_Description of the task_. The job is to output exactly the lines that run from the start of the entries through the line containing "Girl With A", pictures omitted.

Source records:

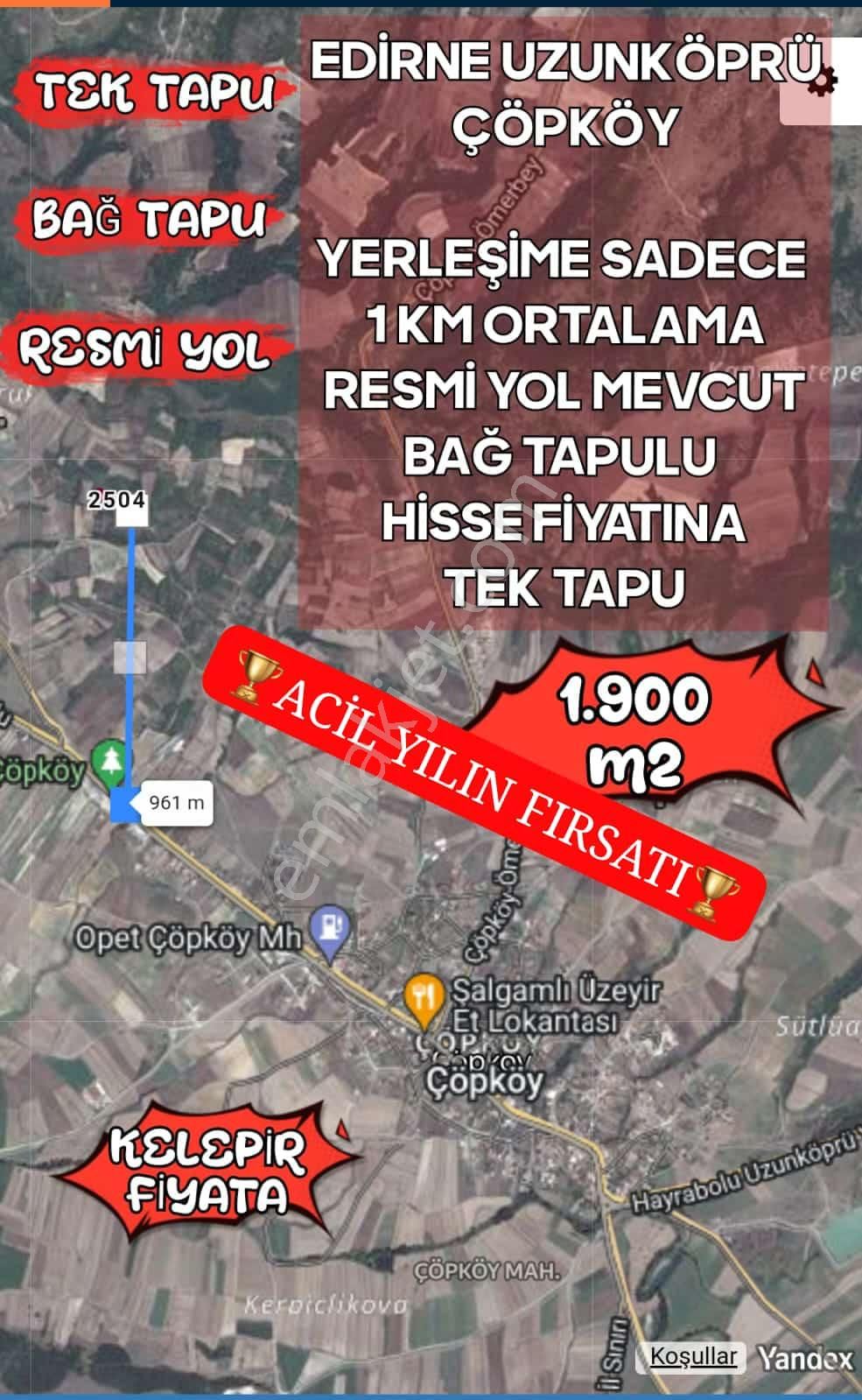Misli Gibi Orman Havası İçinde Bağ Evi Yapabileceğiniz Arsamız Hisseli Fiyatına 2 Dönüm Tek Tapu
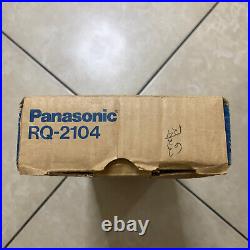 NIB Vintage Panasonic RQ-2104 Slim Line Portable Cassette Recorder Speaker VTG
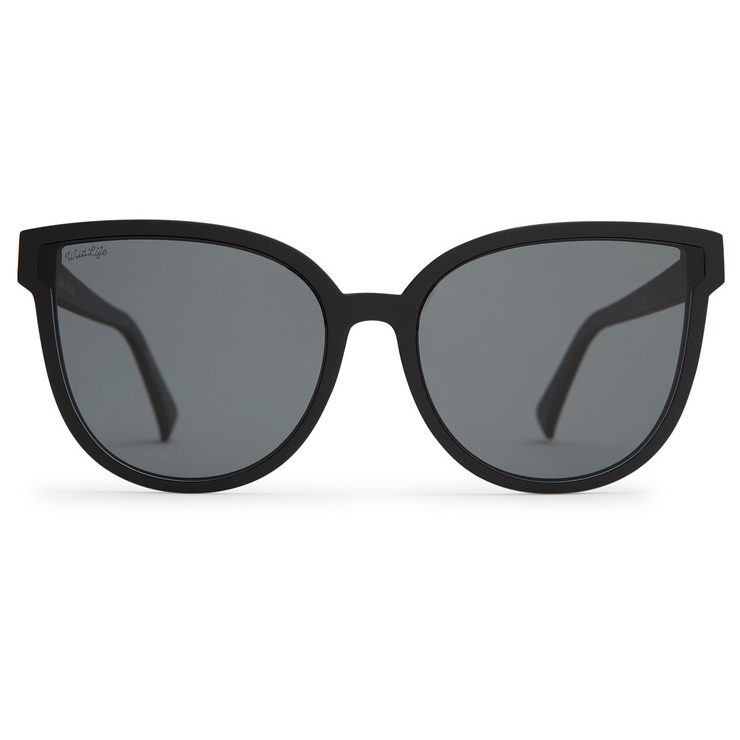 VonZipper Fairchild Polarized Sunglasses - Black Satin/Vintage Gray Fasthouse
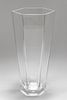 Tiffany & Co. Frank Lloyd Wright Hex Glass Vase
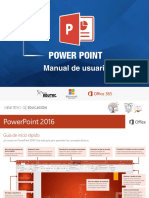Manual de Usuario Power Point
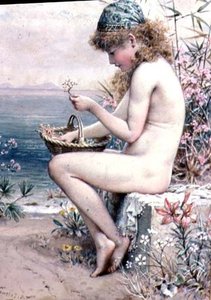 Girl With A Basket Of Coral — William Stephen Coleman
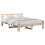 VidaXL vidaXL Bed Frame with Headboard Natural 160 x 200 cm Solid Pine Wood 2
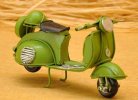 1:18 Scale Vintage Army Green Tinplate Vespa Scooter Model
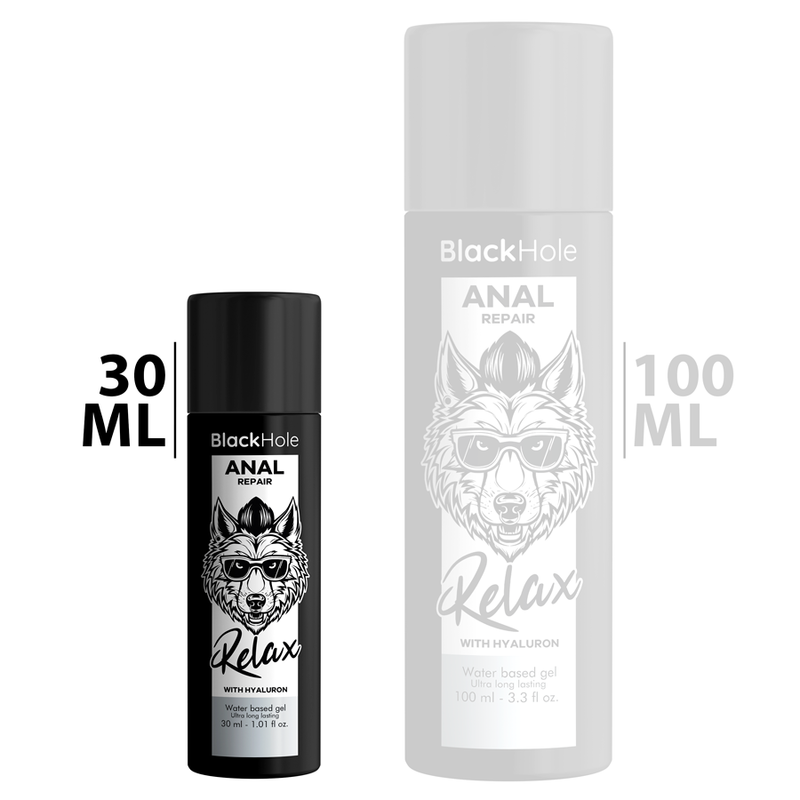 BLACK HOLE - ANAL REPAIR Base de agua RELAX CON HYALURON 30 ML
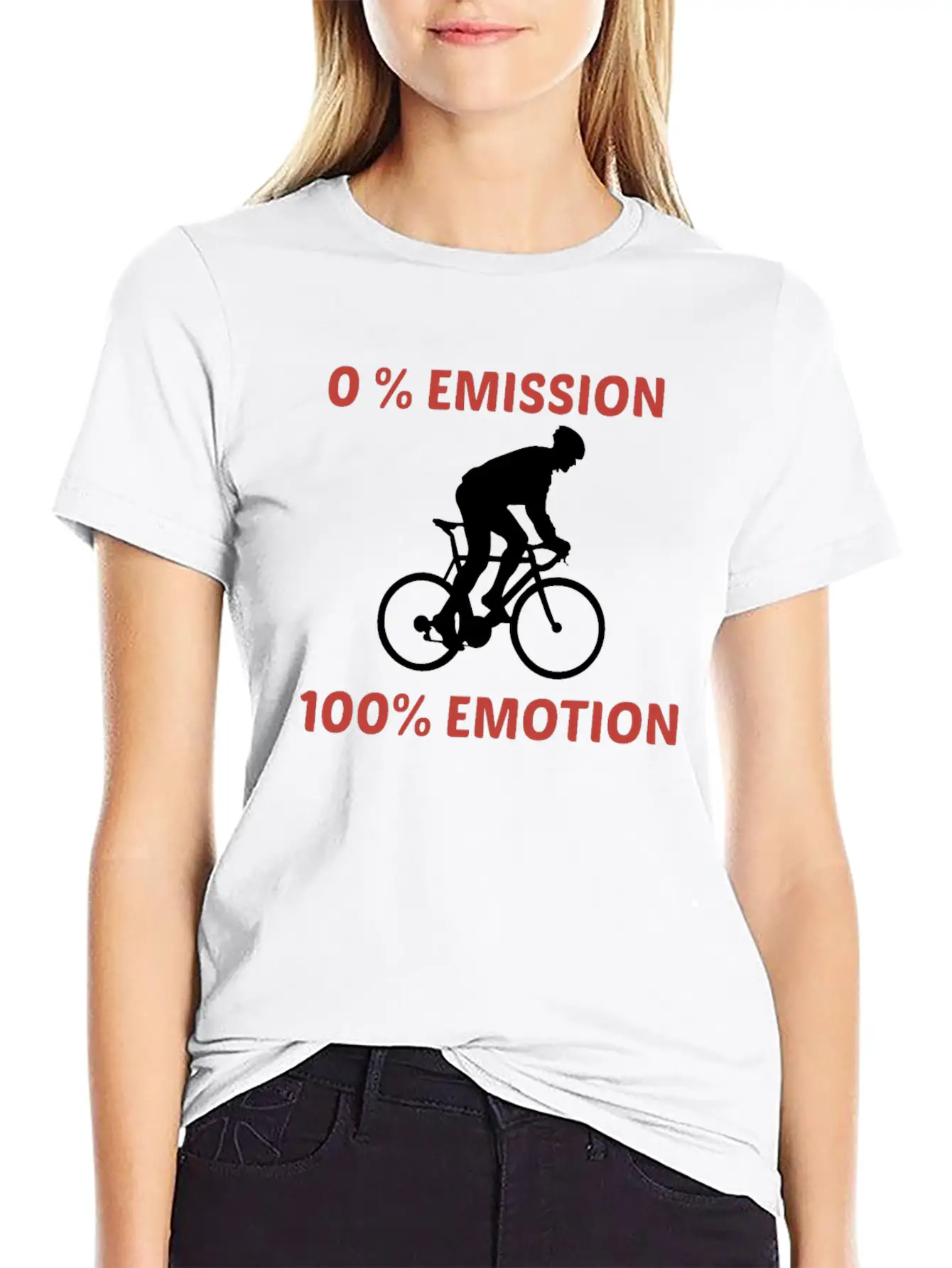 No Emission100% Emotions Cyclists Basic Graphic T-Shirt – Daily Comfort In Soft Cotton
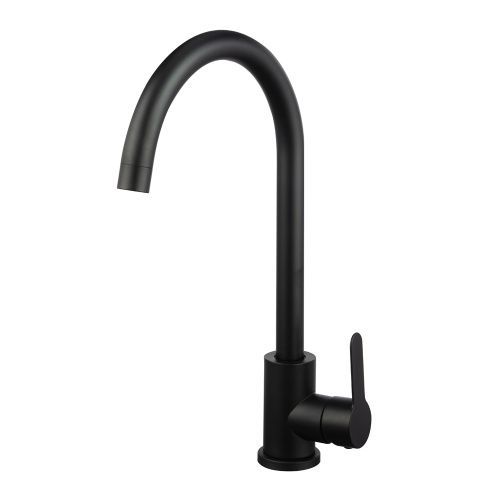 Смеситель для кухни WesnaArt Eko EKO05-110Black на мойку черный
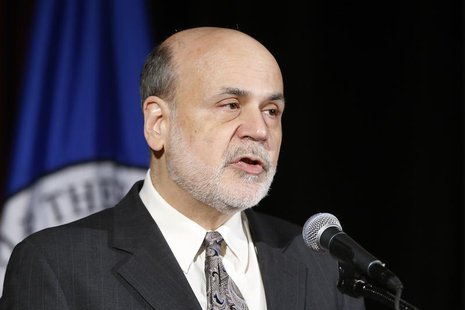 U.S. Federal Reserve Chairman Ben Bernanke addresses the National Economists Club annual dinner at the U.S. Chamber of Commerce in Washingto U.S. Federal Reserve Chairman Ben Bernanke addresses the National Economists Club annual dinner at the U.S. Chamber of Commerce in Washingto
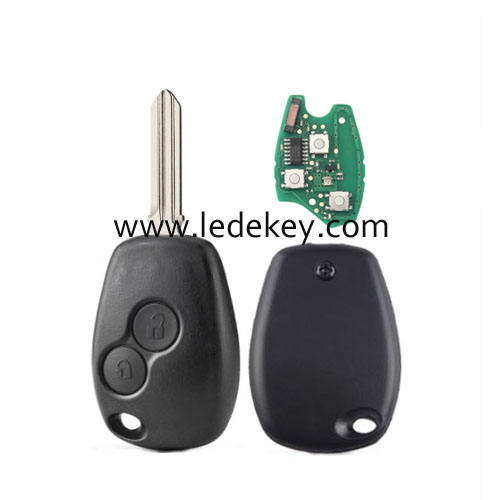 Ren-ault 2 button remote key HU136 blade with 434Mhz PCF7946 Chip (no logo)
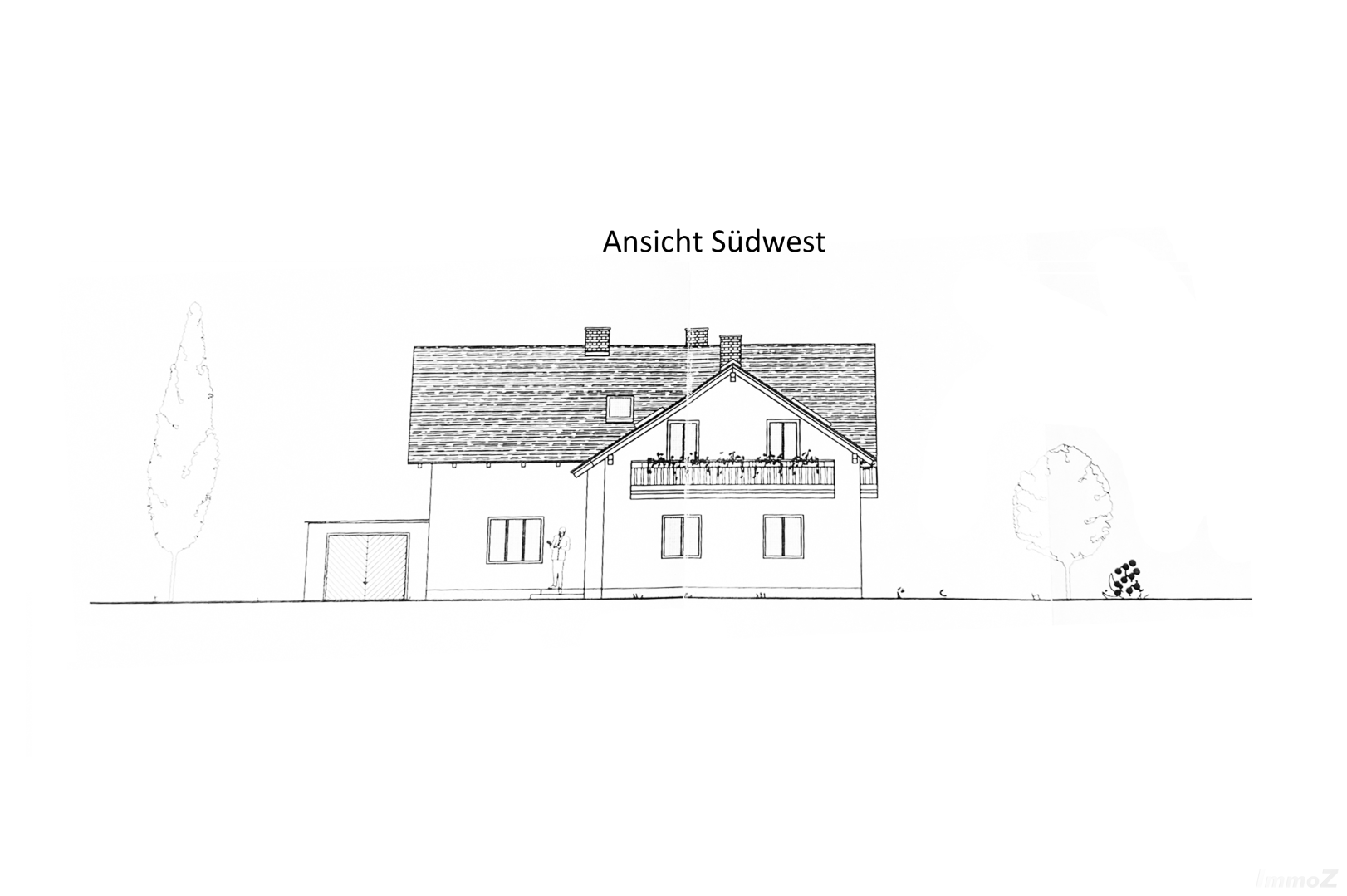 Zinshaus/Renditeobjekt/Gewerbeobjekt zum Kaufen: Judendorfer Straße 70, 8112 Gratwein - Ansicht Südwest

_Exercise output_.
Misli Gibi Orman Havası İçinde Bağ Evi Yapabileceğiniz Arsamız Hisseli Fiyatına 2 Dönüm Tek Tapu
 NIB Vintage Panasonic RQ-2104 Slim Line Portable Cassette Recorder Speaker VTG
 VonZipper Fairchild Polarized Sunglasses - Black Satin/Vintage Gray Fasthouse
 Tiffany & Co. Frank Lloyd Wright Hex Glass Vase
Manual de Usuario Power Point
 Girl With A Basket Of Coral — William Stephen Coleman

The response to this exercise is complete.